À mes amis, ce soir-là, j’aurais enfin aimé dire que j’avais repris contact avec Loïc, un ‘ami’ de mon passage à l’université qui mène une recherche, depuis treize ans, sur les rites religieux liés à la culture amérindienne (la danse du soleil, notamment). J’aurais aimé leur dire que Loïc a eu la gentillesse de lire le début de ce carnet sens et qu’il m’a tout aussi gentiment, conseillé de lire des livres plus anciens que ceux que l’on peut trouver dans un rayon de Super U. Leur dire que, pour lui, la littérature New Âge a oublié que des millions de pages ont été écrites depuis au moins 2500 ans sur ce qu’elle imagine révéler. (La disruption de ces livres New Âge se remarque particulièrement dans l’absence de citation des sources).

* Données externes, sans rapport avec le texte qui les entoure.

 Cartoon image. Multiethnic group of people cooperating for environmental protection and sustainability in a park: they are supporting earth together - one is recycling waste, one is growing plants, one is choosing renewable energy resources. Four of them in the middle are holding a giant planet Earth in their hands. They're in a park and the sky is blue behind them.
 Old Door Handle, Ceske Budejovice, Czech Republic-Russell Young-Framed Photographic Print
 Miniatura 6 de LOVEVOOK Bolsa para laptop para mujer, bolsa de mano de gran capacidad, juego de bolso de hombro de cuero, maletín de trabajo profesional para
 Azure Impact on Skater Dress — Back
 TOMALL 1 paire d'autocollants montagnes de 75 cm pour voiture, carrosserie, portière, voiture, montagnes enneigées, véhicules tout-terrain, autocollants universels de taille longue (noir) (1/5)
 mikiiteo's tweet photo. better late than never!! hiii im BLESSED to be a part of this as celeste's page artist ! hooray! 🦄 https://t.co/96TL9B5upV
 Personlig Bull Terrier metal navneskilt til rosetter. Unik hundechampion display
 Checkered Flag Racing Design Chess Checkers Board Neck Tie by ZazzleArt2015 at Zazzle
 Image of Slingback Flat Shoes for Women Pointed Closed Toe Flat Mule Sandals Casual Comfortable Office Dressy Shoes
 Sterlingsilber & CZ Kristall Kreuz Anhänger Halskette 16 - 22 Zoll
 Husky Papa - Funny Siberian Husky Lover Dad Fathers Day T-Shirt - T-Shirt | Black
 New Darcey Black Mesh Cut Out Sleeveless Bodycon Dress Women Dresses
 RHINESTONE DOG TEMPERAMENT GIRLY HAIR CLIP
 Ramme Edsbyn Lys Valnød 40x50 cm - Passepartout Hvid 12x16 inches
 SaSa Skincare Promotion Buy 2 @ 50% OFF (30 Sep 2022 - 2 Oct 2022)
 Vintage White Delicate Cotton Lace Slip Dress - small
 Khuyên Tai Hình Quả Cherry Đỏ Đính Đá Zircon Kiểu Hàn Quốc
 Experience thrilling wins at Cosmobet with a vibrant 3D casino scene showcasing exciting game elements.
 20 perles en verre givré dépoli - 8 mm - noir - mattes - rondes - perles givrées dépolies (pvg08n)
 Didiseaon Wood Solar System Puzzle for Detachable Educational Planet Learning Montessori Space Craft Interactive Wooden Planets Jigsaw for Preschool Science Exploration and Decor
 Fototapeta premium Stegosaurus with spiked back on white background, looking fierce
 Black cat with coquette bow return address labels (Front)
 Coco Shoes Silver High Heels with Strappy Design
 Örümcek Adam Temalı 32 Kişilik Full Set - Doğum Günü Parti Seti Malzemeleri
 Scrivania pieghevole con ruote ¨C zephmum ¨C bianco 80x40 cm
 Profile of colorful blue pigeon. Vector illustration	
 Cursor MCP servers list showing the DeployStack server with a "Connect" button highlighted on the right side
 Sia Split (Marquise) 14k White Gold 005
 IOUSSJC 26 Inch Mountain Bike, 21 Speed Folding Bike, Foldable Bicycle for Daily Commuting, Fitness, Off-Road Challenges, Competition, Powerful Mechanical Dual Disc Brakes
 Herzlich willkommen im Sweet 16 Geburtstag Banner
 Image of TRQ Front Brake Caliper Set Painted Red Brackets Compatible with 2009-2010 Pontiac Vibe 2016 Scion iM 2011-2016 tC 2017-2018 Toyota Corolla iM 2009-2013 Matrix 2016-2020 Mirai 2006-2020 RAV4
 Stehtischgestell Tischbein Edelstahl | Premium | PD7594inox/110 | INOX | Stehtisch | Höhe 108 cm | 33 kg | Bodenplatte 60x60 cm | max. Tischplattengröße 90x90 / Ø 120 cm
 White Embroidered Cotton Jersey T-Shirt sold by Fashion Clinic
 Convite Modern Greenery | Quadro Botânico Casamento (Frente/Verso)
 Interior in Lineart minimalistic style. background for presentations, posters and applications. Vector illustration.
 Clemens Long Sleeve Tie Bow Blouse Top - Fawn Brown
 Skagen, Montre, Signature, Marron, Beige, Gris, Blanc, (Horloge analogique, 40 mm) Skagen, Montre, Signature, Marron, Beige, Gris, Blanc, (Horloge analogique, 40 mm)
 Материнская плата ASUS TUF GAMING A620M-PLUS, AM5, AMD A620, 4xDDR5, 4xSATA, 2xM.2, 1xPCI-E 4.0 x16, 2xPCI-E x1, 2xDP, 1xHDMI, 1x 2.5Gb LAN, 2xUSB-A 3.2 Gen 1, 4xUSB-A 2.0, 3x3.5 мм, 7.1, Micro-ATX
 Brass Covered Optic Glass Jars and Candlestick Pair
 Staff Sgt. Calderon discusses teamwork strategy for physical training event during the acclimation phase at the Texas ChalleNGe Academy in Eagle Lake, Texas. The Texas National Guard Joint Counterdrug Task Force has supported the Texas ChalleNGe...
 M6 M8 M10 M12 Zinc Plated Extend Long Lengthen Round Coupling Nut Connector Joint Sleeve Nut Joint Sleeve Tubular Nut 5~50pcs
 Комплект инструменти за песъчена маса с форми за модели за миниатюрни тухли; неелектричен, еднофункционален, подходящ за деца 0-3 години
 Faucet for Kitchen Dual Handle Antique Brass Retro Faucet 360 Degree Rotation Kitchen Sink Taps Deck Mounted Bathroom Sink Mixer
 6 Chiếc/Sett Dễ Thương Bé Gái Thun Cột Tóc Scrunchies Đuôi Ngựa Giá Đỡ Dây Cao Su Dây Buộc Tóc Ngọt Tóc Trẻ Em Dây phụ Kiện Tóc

Leur dire que cette reprise de contact avec Loïc me permet de plonger dans une littérature plus ancienne. En plus d’un livre, encore lui, de Bruno Latour Jubiler ou les tourments de la parole religieuse (la Découverte, 2013), j’ai posé sur mon étagère de livre à lire :

De mémoire indienne, Tahca Ushte, Richard Erodoes, Plon, 1977 (1972)

Le Lama aux cinq sagesses, Alexandra David-Née, 1977 (1929)

Voilà, je crois que j’ai fait le tour de ce que j’aurais aimé dire à mes amis à propos du démarrage, ce printemps (et de la poursuite, cet été) de ce carnet sens.